La provincia di Savona nel collasso: quarant’anni per distruggere tutto, missione compiuta

Ci sono voluti quarant’anni, ma alla fine ce l’abbiamo fatta. Con pazienza, costanza e una certa genialità distruttiva, siamo riusciti a demolire sistematicamente ogni infrastruttura, ogni servizio pubblico, ogni barlume di progettualità collettiva. Non è stato facile: ci voleva impegno, una classe dirigente assortita e trasversale, e soprattutto la convinzione incrollabile che il futuro fosse roba da evitare.

Le strade? Non funzionano.
Le autostrade?

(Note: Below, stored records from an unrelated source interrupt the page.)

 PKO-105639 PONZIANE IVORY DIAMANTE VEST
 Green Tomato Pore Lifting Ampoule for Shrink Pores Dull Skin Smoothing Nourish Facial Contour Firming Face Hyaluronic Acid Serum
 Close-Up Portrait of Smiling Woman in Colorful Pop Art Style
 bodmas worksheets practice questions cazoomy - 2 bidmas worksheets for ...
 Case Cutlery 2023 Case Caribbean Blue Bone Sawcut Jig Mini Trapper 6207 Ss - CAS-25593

Peggio: tra cantieri eterni, pedaggi alle stelle e gallerie più vecchie della Repubblica, viaggiare è diventato un atto di fede.

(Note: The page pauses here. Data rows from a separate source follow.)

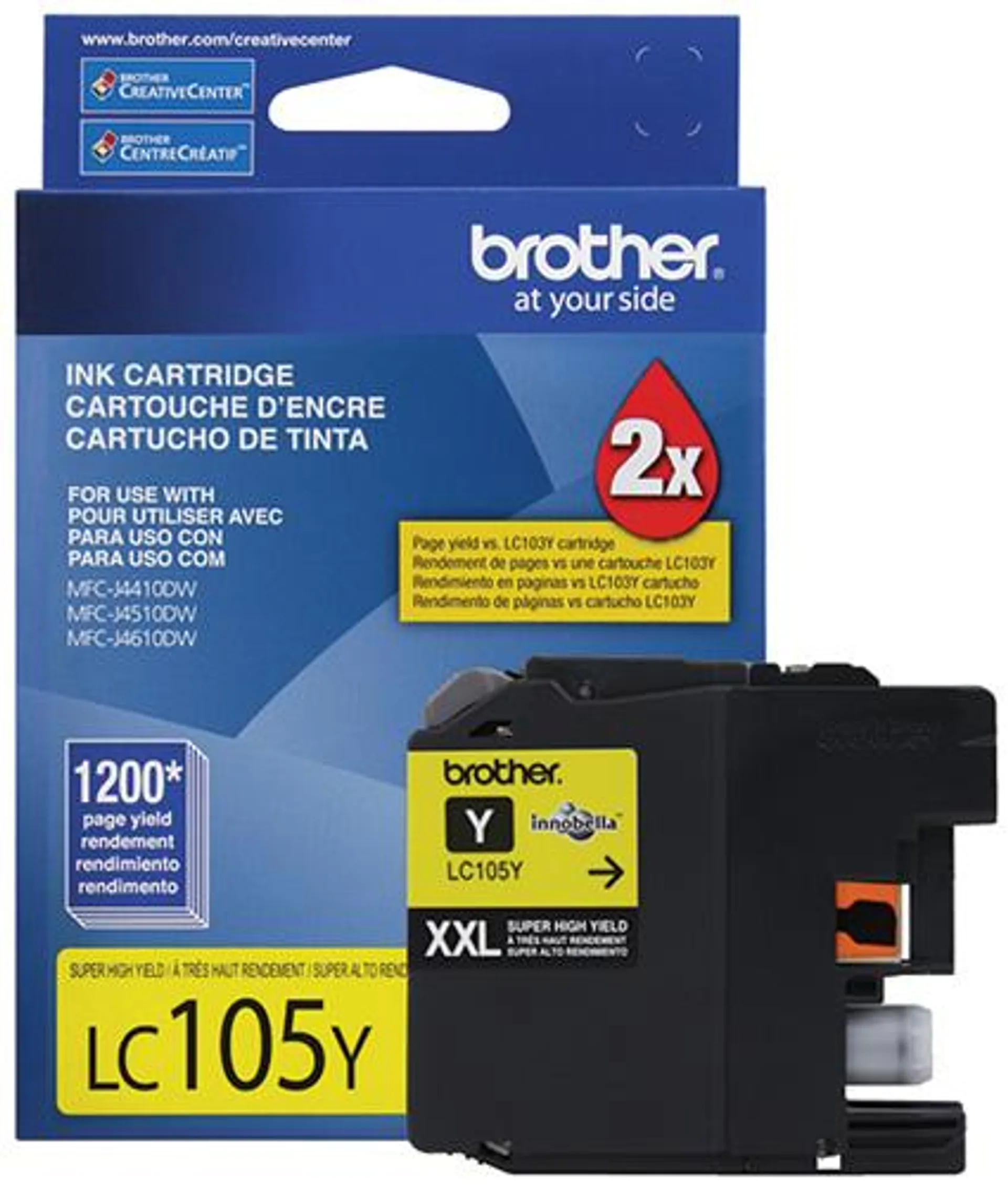 Cartucho De Tinta Brother Lc105Y Amarillo Xl 1200 Pag P/6720Dw/6920Dw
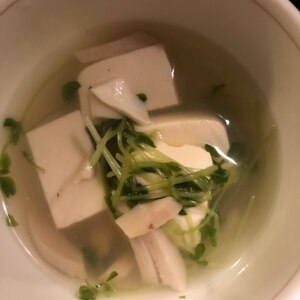 豆腐と豆苗の中華風スープ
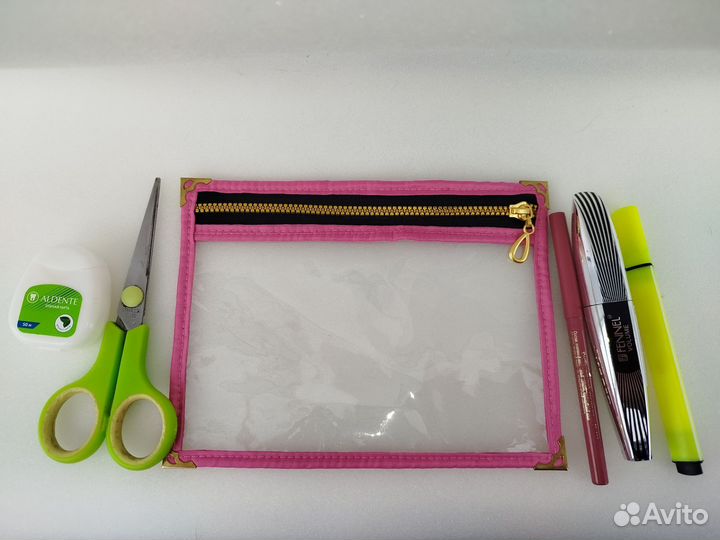 Конверт - косметичка прозрачная розовая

I ponti? Qualcuno è crollato.
Le gallerie? Molte sono chiuse, per pericolo cedimento.
E l’Aurelia Bis? Un monumento all’incompiuto, un mostro di cemento che ha inghiottito milioni su milioni per non esistere mai davvero. Una cicatrice che attraversa la città senza condurre da nessuna parte.

E poi c’è il capolavoro: la gestione dei rifiuti.
Gli impianti pubblici? Smantellati.
Quelli nuovi? Vietati.
Le aziende pubbliche? Imbrigliate, fermate, neutralizzate. Non sia mai che disturbino i fragili equilibri politico-affaristici regionali.
Nel frattempo, i privati festeggiano: incassano, gestiscono, e fanno profitti mentre il sistema crolla.

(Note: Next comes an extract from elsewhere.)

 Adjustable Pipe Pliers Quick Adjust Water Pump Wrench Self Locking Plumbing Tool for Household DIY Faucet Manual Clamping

Nel 2021 perfino la Corte dei Conti si era svegliata dal torpore: aveva lanciato un monito. Parlava chiaro. Denunciava criticità evidenti.
Nessuno ha ascoltato.
Passato tutto in cavalleria.
Ma se un povero impiegato sbaglia a scrivere una data, scattano le sanzioni. Perché lo zelo amministrativo colpisce sempre in basso: più sei debole, più sei colpevole.

Nel frattempo, le ferrovie languono, i treni regionali sono vecchi, sporchi, lenti. Il trasporto pubblico è un disincentivo a muoversi.
La sanità pubblica è in coma, tenuta in piedi solo dalla dedizione eroica di chi ci lavora, mentre le liste d’attesa si allungano e i reparti chiudono nel silenzio generale.

L’imprenditoria vera è sparita. Non c’è spazio per chi crea valore, occupazione, visione. Troppo complicato. Troppo rischioso.
In compenso pullulano gli speculatori da quattro palanche – e, quando serve, anche la criminalità organizzata – che lucrano sulle macerie, si infilano nei buchi normativi e trasformano ogni crisi in un’occasione per far cassa, senza lasciare nulla al territorio.

Tutto è ormai fuori controllo, abbandonato, dimenticato. Dove lo Stato non arriva, regna il disordine, e l’indifferenza è la norma.

Ecco Savona. Un laboratorio del disastro annunciato, una provincia che lentamente si spegne mentre tutti fanno finta di non vedere.
Il miracolo è riuscito: ci abbiamo messo quarant’anni, ma l’obiettivo era chiaro. Distruggere tutto, e far finta che sia colpa del caso.